Hacker News new | ask | show | jobs
by userbinator 4143 days ago
It's funny to read this and the previous articles about the loss of freedom in Firefox, then see the description on its download page (https://www.mozilla.org/en-US/firefox/new/):

"Download Mozilla Firefox, a free Web browser. Firefox is created by a global non-profit dedicated to putting individuals in control online."

I find the "appeal to security" argument that's being increasingly popular these days as nothing more than an excuse to restrict general-purpose computing and control the users, and I am not happy about it at all. "Malware is the new terrorism." The idea that we should take away freedom just because someone could possibly make a wrong decision is personally quite horribly disturbing. On the other hand, from the perspective of wanting to exert control, it makes perfect sense: by decreasing the amount of decisions users have to do, it induces atrophy of their critical thinking skills, and makes them more inclined to accept things without questioning...

"Freedom is not worth having if it does not include the freedom to make mistakes."

2 comments

It seems like you haven't read the article. Users are still allowed to install any extension from outside the garden they want.
Users are still allowed to install any extension from outside the garden they want.
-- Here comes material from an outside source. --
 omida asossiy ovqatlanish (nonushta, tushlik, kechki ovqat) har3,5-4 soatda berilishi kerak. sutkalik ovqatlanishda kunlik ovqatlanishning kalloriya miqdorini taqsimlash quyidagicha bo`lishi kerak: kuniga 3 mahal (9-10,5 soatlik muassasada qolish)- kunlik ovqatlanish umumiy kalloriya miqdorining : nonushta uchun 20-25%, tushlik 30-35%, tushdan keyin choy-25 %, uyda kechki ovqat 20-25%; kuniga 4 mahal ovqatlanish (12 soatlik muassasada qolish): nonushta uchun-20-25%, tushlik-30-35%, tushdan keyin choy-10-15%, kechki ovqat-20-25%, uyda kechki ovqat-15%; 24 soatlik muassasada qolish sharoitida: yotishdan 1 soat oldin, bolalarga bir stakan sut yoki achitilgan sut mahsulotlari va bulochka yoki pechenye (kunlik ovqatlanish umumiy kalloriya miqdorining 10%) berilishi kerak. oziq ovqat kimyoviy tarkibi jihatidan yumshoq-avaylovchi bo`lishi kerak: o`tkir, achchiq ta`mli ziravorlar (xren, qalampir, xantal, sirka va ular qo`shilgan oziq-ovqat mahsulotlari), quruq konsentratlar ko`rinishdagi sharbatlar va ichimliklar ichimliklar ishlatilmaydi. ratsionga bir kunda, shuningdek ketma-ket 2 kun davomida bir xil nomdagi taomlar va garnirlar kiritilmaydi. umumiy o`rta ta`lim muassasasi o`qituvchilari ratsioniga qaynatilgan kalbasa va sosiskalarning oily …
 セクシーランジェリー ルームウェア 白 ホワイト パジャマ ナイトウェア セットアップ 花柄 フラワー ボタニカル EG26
It's yet another hoop to jump through, one that further splits "developers" and "users" and makes it harder to be a "casual developer" - one who just wants to make an extension and share it among a small group.

> one who just wants to make an extension and share it among a small group.

That's a fair point, but I don't think it's that bad. I do this all the time with Chrome, which already has walled garden:

"Hey guys, I made a Chrome Extension that inlines all the images in our shitty issue tracking app rather than having to download them all. Extract the zip, visit chrome://extensions, enable developer mode, and load that folder."

Except in this new scenario it's install a different version of Firefox (Firefox Developer). Good luck with that on many work machines. My dad is unable to install any applications on his work machine but he was able to install Adblock for Chrome the other day. So had he wanted to install this hypothetical extension for Firefox he would have been unable to.
Does your Dad want to run unsigned Firefox extensions?

For a Jira-fixer extension, we'd be running FF Developer, but yes, if I did want to distribute it wider, then signing would be reasonable.

There seems to be less and less of a room for "casual developers" or "power users" in the tech world these days.

Either you are a bonded commercial developer, or you are a user (or maybe sheep-er?).

No, they aren't. Did you read it? Now they all need to be submitted to mozilla for 'signing' (read: approval).
The article appears to indicate that the addons will still need to be signed by Mozilla, however.
"None are more hopelessly enslaved than those who falsely believe they are free."